Share your dilemmas and get honest opinions from other Mumsnetters.

To think dogs are as much work as children

120 replies

HauteGirlSummer · 05/07/2021 15:58

We have DC2 on the way and DS is 4.
My son and DH are very pro adding a dog to our family unit. But I'm firmly against it as I just know the majority of the work will fall on me longterm.

My argument to DH was dogs can be as much hard work as children but he thinks definitely not.
He says for example you don't need to arrange a minder for dog and they don't affect a 9-5 work schedule like kids do.
I've never had a dog myself but pretty sure this isn't true? Do people leave their dogs at home all day if they have a 9-5 job or do they have to make arrangements?
Dog-owners please help me out!

I love dogs but I know there's a lot of changes and commitment that comes with being a dog owner.
With a new DC on the way, I don't think I'll have time for a dog tbh. Even when DC will be older. I just don't have the energy for 3 'kids' (counting the dog). DH says I can't count the dog as they're way less work than kids.

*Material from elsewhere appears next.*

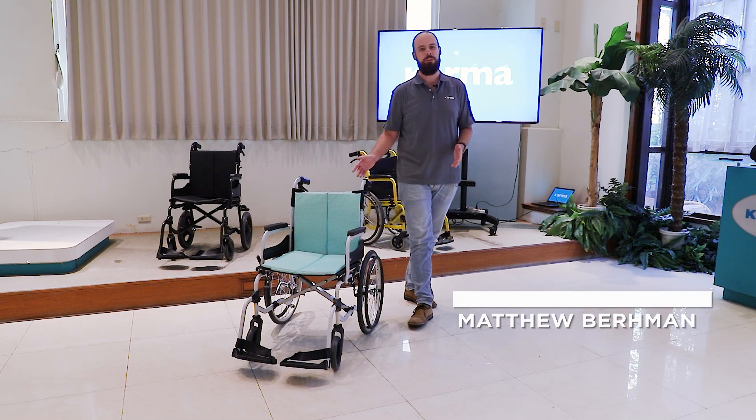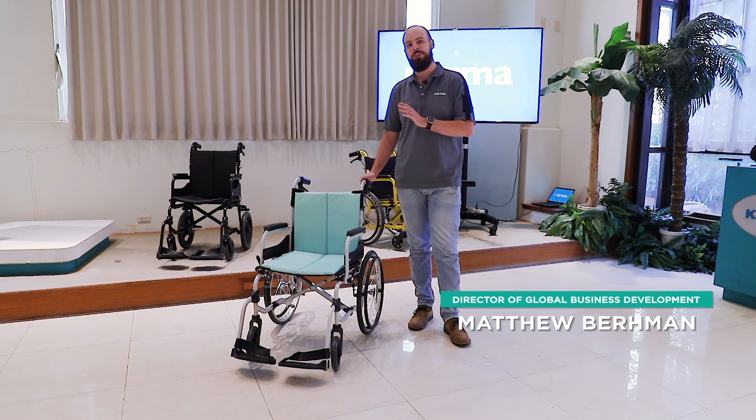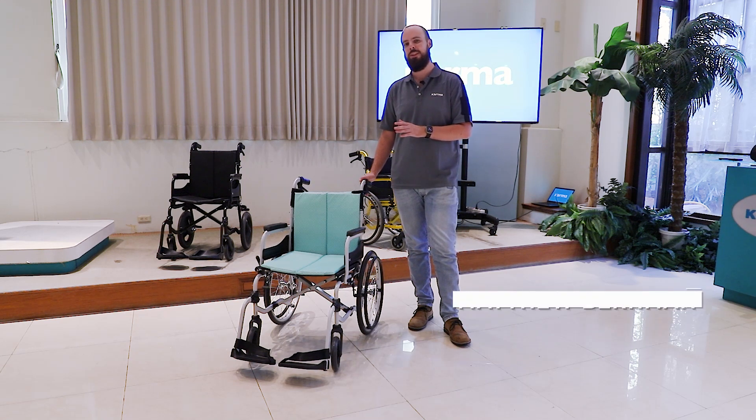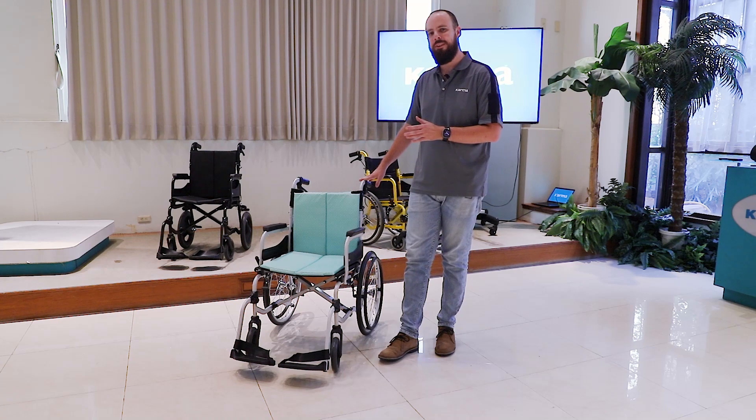Hi, my name is Matt and I'm the director of global business development here at Karma. Today I'd like to introduce the newest entry to our Soma line of lightweight affordable manual wheelchairs — this is the Soma 215.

AIBU to think dogs require as much work as children?

OP posts:
SecondCityShark · 06/07/2021 00:15

My dog doesn't notice if I'm out all day and was happily in a routine when I used to work 9-5. But I also had a cat and they'd spend all day cuddled up or playfighting which helped.

I always felt guilty though and life is easier now I work from home. All he does all day is laze around but I'm happier knowing I'm here all day for him if he needs me. Dog-parent guilt is real!

SecondCityShark · 06/07/2021 00:17

P.s. I never would've got a dog given that I worked 9-5 and lived in the middle of nowhere (not convenient for any dog walker) but the dog was dumped on me so I had to make the best of the situation as I could.

He's very happy and very loved now.

But if I knew I was going to work 9-5, I wouldn't actively get a dog.

Tiari · 06/07/2021 00:29

YANBU.
Don't do it OP. Dogs are harder to care for than children, you can put children to bed at night Wink

MyDcAreMarvel · 06/07/2021 00:34

I think they are harder, you can take children out for the day to a zoo an aquarium, a theme park a shopping mall, a hotel, on holiday, the theatre etc.
I can’t understand how anyone every every has a day trip that isn’t a walk if they own a dog. Plus holidays or a weekend break.
I do love dogs but my lifestyle would be so restricted.

BluebirdHill · 06/07/2021 00:59

I've never had a dog and even I know you can't leave them 9-5 every day. All the dog owners I know either work from home, come home every lunchtime to take their dog out, and / or pay for dog walkers and doggy day care. Ask your husband what the cost of this is locally and tell him since he wants a dog, it should come out of his fun spending money.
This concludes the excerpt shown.